Your goal:
Beginning at the line that contains "Colette Dimmable LED", repeat each line exactly through the last one of the records below, and leave out the pictures.

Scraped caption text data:
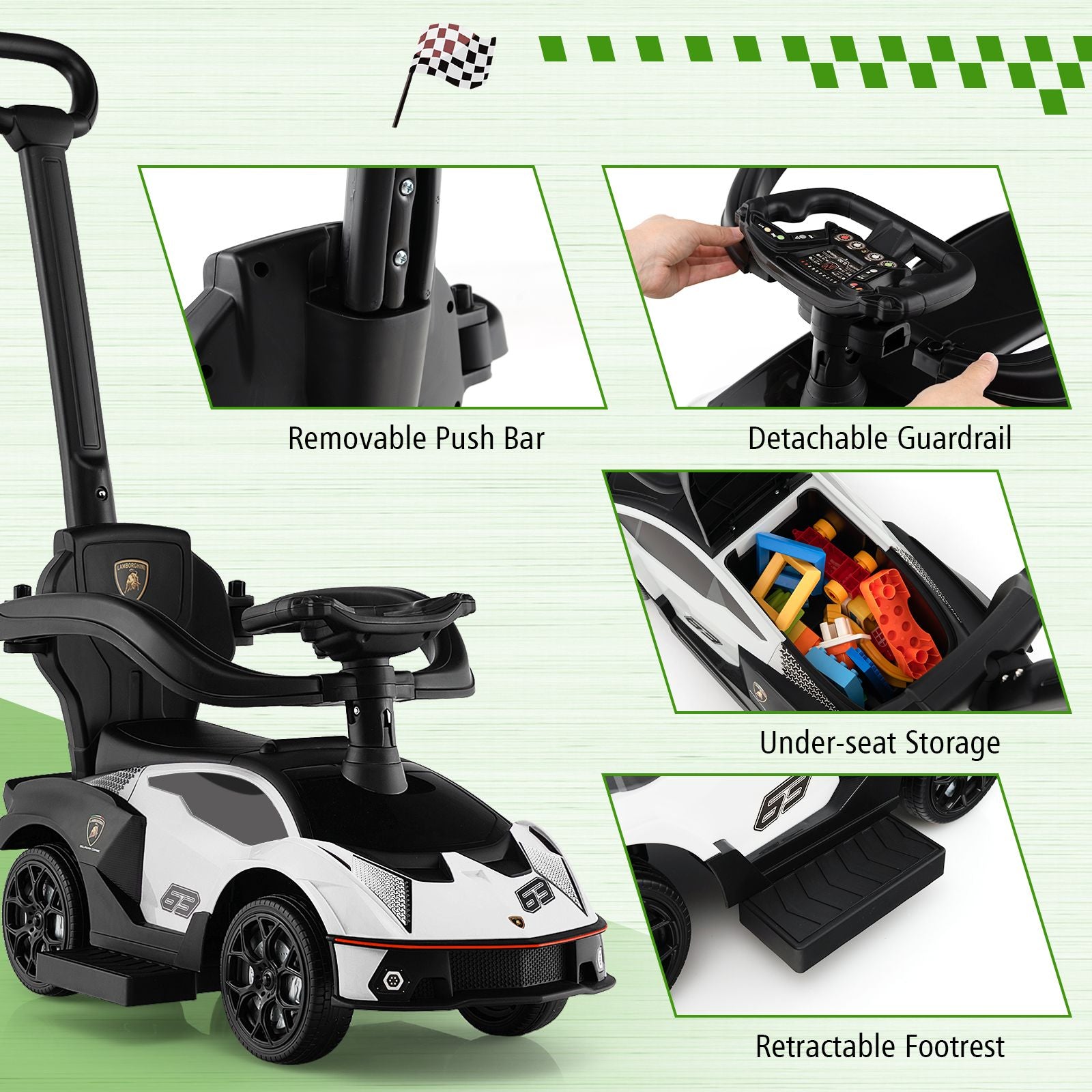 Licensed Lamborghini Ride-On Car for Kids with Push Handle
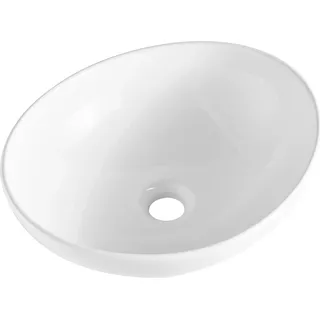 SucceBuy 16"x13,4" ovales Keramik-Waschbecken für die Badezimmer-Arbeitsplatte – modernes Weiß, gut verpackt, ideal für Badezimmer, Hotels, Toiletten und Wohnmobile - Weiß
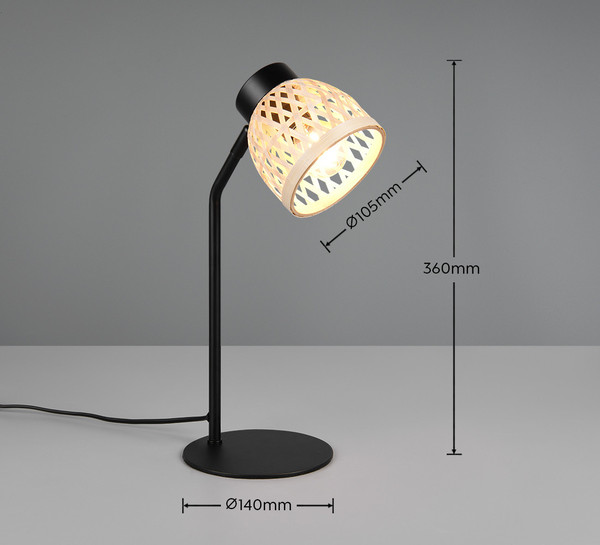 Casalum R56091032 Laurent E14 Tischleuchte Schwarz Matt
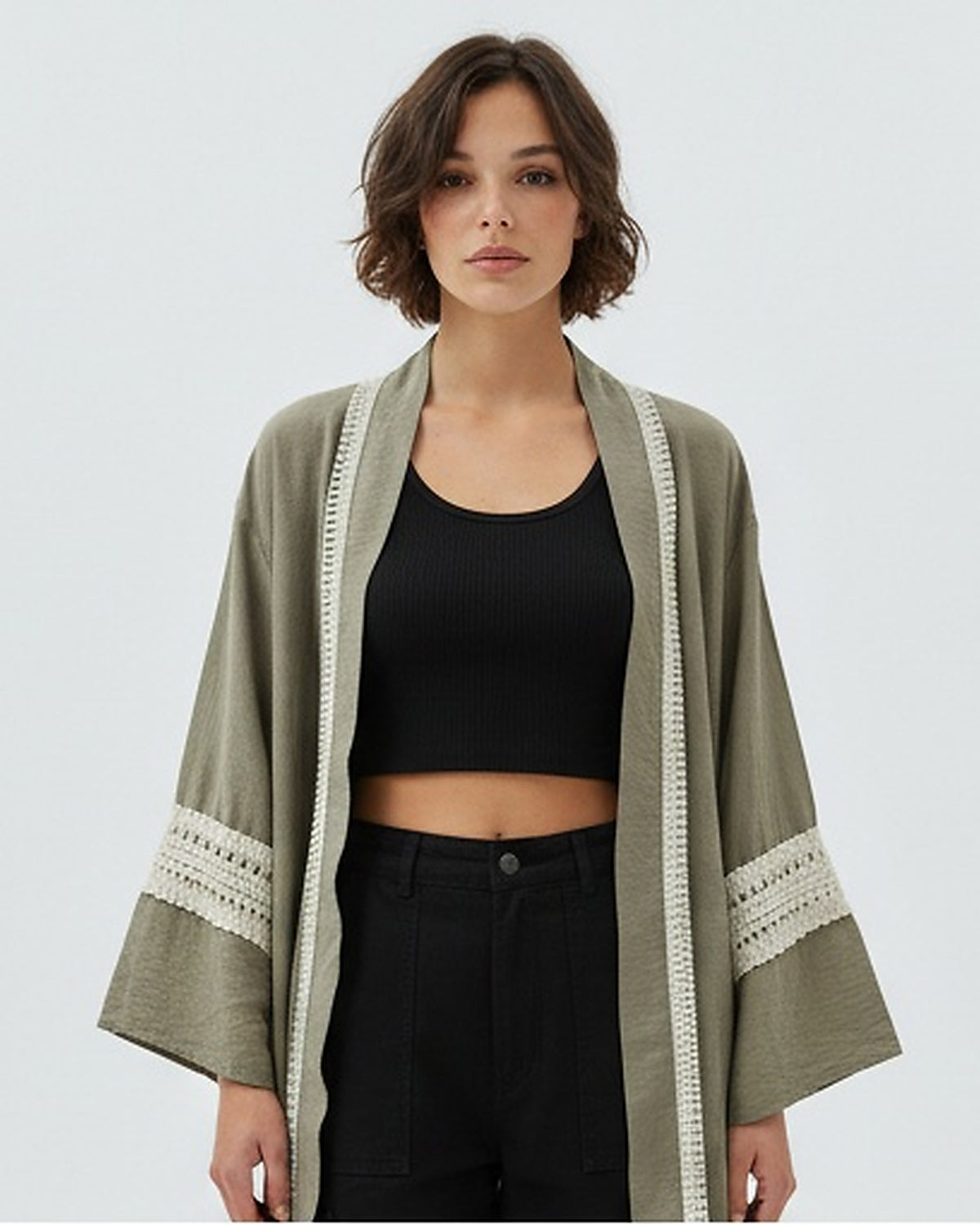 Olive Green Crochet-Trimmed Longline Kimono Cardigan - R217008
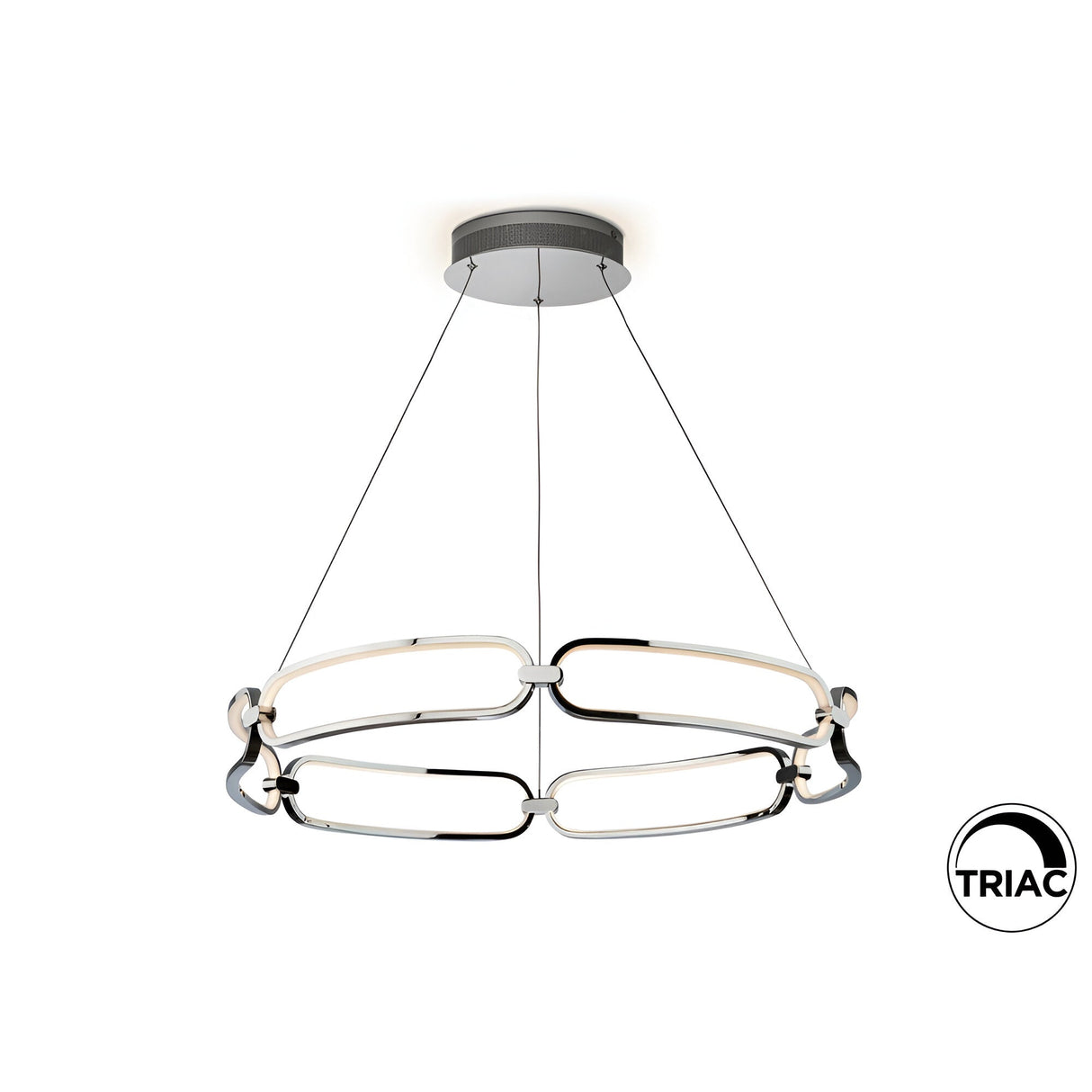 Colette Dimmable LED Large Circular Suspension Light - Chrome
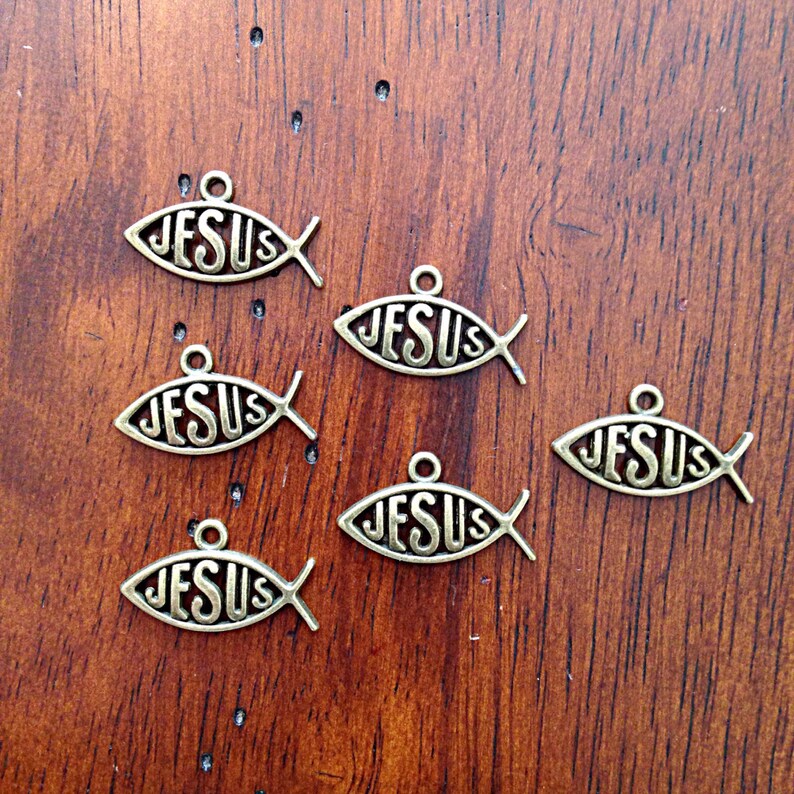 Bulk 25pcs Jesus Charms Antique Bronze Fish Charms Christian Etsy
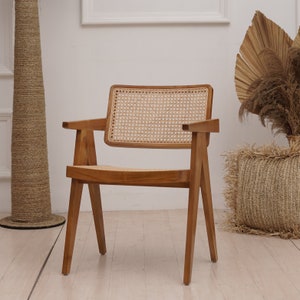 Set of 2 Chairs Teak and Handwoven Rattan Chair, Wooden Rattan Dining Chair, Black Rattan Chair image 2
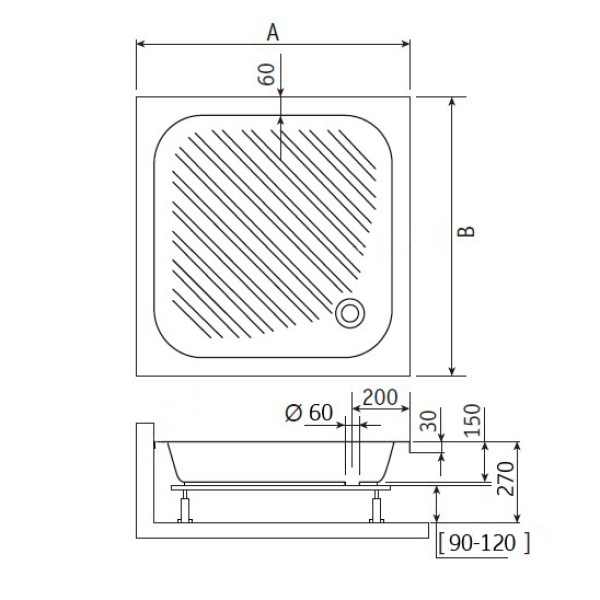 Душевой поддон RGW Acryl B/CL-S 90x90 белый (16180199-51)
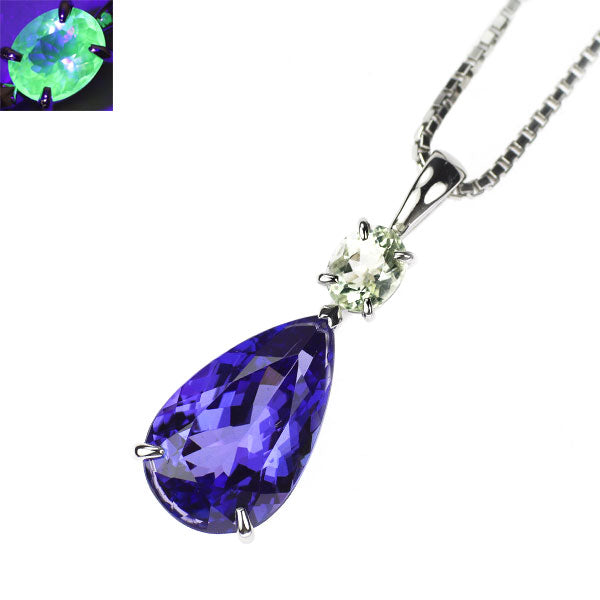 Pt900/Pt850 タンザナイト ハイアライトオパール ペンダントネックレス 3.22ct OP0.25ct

Result of this task:
 Colette Dimmable LED Large Circular Suspension Light - Chrome
 Bulk 25pcs Jesus Charms Antique Bronze Fish Charms Christian Etsy
 Set of 2 Chairs Teak and Handwoven Rattan Chair, Wooden Rattan Dining Chair, Black Rattan Chair image 2
 Душевой поддон RGW Acryl B/CL-S 90x90 белый (16180199-51)
 Pt900/Pt850 タンザナイト ハイアライトオパール ペンダントネックレス 3.22ct OP0.25ct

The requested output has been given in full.